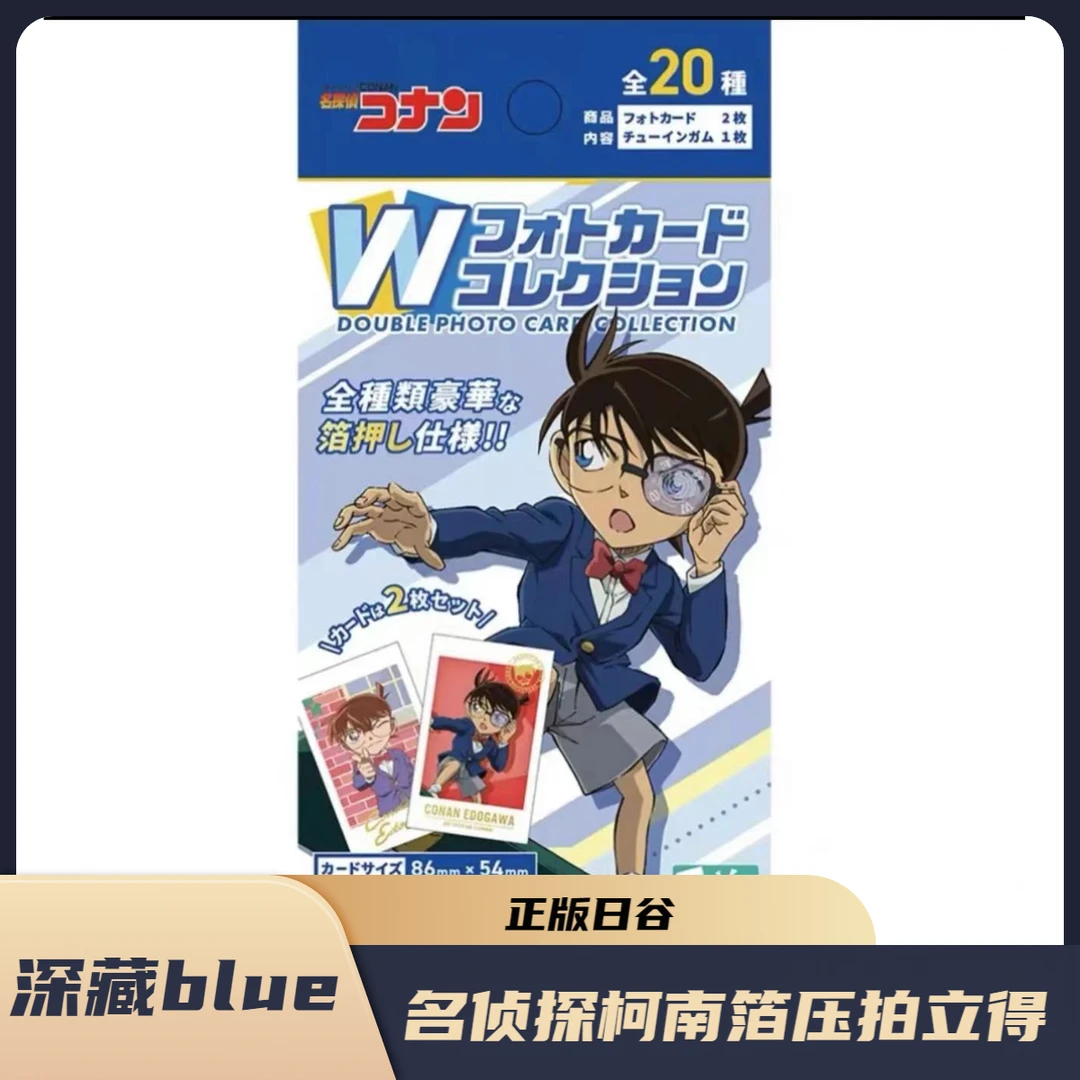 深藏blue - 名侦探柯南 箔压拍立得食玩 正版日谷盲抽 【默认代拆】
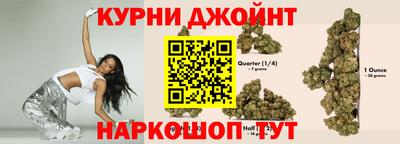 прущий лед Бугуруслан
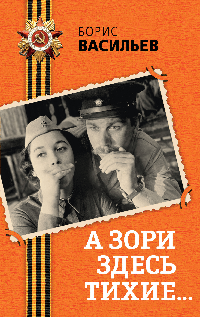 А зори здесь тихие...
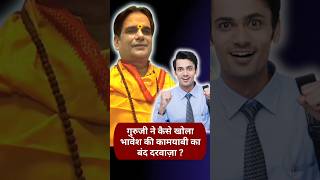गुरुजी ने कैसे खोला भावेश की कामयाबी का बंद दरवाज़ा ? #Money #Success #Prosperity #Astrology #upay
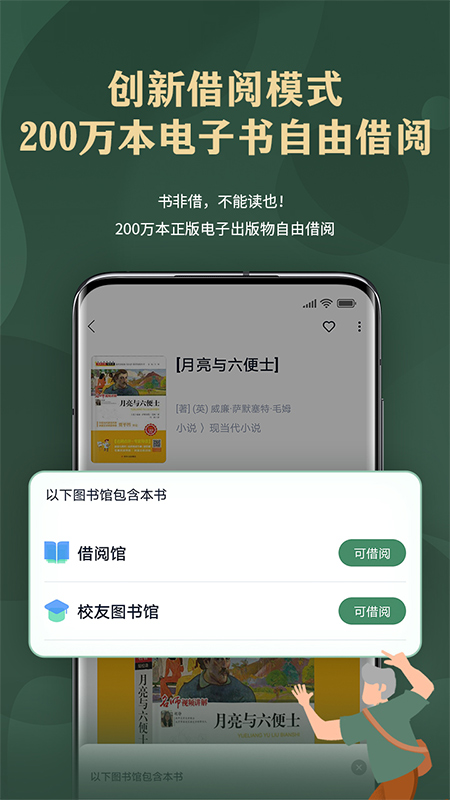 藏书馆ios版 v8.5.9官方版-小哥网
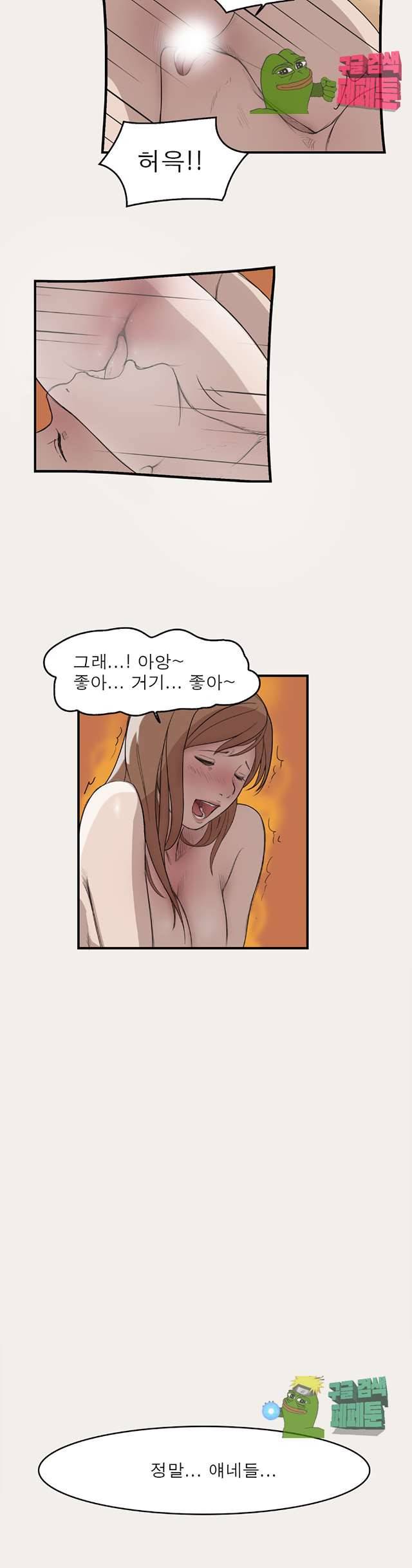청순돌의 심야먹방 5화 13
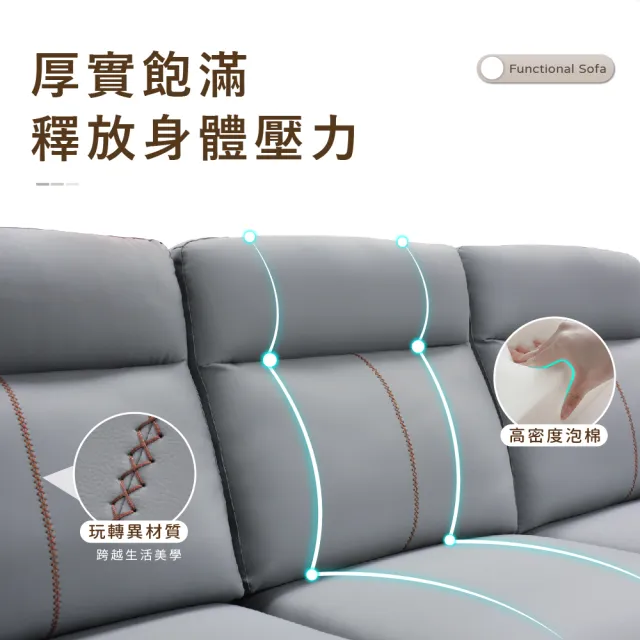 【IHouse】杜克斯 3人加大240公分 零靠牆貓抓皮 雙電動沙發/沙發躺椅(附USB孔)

════

> [What to do]: Without the pictures, please output every record exactly.

> [Solution for this problem]:
 深藏blue - 名侦探柯南 箔压拍立得食玩 正版日谷盲抽 【默认代拆】
 прущий лед Бугуруслан
 А зори здесь тихие...
गुरुजी ने कैसे खोला भावेश की कामयाबी का बंद दरवाज़ा ? #Money #Success #Prosperity #Astrology #upay
 藏书馆ios版 v8.5.9官方版-小哥网
청순돌의 심야먹방 5화 13
 【IHouse】杜克斯 3人加大240公分 零靠牆貓抓皮 雙電動沙發/沙發躺椅(附USB孔)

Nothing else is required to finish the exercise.